ガチャ110回目:ひたすら遊んでひとやすみ

 水着に着替えるといっても、男が着替えに掛ける時間なんて一瞬だ。

 全部脱いで、海パンを穿く。それで終わりだ。


 脱いだものは、放っておいてもあとでアイラが多分畳んでくれるだろうけど、どうせ女性陣を待つことになるんだから自分でやってしまおう。そうして外に出てストレッチすること数分。

 最初に出てきたのはアヤネだった。


「旦那様ー! いかがですか?」


 そう言ってくるりと、目の前で回ってみせた彼女が着ていたのは、明るいチェック柄の、セパレートの水着だった。

 彼女の体型と性格的に、攻め攻めのビキニか、謎のテンプレに従って学校指定水着とかで来るんじゃないかとヒヤヒヤしていたんだが……。うん、普通だ。いや、普通で良かったけど。


「普通に可愛いぞ」

「えへへ、旦那様~」


 アヤネといつものようにスキンシップをしていると、次に出てきたのはアイラ。

 彼女は宣言通り、紺色のバイオラバースイムを着ていた。身体のラインがハッキリと出る為、アイラのスタイルだとそれだけでもう歩く凶器だと思う。

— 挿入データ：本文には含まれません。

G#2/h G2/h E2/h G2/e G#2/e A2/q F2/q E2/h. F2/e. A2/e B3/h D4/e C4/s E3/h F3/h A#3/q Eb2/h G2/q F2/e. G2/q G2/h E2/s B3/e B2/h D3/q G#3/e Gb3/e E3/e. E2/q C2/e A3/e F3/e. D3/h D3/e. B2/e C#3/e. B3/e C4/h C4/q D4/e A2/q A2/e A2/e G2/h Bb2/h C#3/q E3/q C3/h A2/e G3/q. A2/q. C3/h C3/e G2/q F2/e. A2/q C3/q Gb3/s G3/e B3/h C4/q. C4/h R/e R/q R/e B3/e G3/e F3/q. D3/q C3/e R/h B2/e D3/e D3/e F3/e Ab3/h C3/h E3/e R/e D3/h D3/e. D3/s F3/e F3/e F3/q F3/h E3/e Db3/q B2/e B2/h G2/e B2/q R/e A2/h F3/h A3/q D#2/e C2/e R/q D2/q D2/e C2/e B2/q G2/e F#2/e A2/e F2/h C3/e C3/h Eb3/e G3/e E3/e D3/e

あんまりジロジロと見るものではないが、コレ、水系のダンジョンで普通に着て行ってるって話だったよな……?

 チームに男は居なかったんだろうか? こんなのが近くで戦っていたら、視線が吸い寄せられるぞ。


「どうですかご主人様」

「うん……。なんというか、その……」

「胸に熱い視線を感じますね。触ってみますか?」

「……さわりません」

「ふふ、ご主人様ならいつでも歓迎しますよ」

「むぅ。わたくしも、アイラくらい欲しいですわ!」

「ご主人様に愛でて頂ければすぐにでも大きくなるかと」

「旦那様……!」


 そんな目でこっちを見ないでくれるかな……。

 アイラとアヤネの誘惑を無視して、姉妹を待つ。


「……それにしても遅いな。中々出てこない」

「ちょっと様子を見てきますわ」


 そう言ってアヤネが小走りでテントに入っていく。

 しばらくして、アヤネに押される形で2人が出てきた。


「おお……」


 アキは黄色いチューブトップで、マキは白いワンピースの水着だった。2人とも胸元にフリルがついていて、頭にはお揃いのコサージュ。

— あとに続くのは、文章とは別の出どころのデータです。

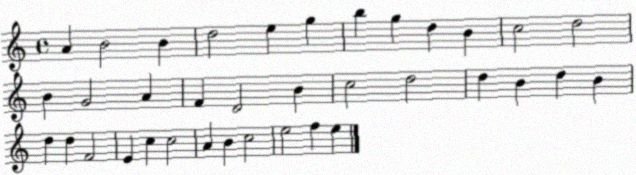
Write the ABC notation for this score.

X:1
T:Untitled
M:4/4
L:1/4
K:C
A B2 B d2 e g b g d B c2 d2 B G2 A F D2 B c2 d2 d B d B d d F2 E c c2 A B c2 e2 f e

 なんだこの光景は。2体の天使が、浜辺に舞い降りた?


「アキもマキも、すっげー可愛い」

「そ、そう。良かったわ……」

「あ、ありがとうございます……」


 そこからは、さながらプライベートビーチのように、周りを気にせず遊んだ。水の掛け合いをしたり、気ままに泳いでみたり。

 ちょっと気になったことがあったので、彼女達に一言伝えてから、どこまで行けるのか試してみた。そうすると、100mくらいの位置で見えない壁に激突した。多分この階層は、島を中心にこの見えない壁で覆われているんだろう。

 この位置までくると、水深もかなり深い。相変わらずモンスターは居ないようだが、危ないので俺は波打ち際に戻り、再び彼女達との遊びに興じた。

 その後も水辺で遊んだり、ビーチバレーをしてアイラに完封されたり、砂のお城を作ったり。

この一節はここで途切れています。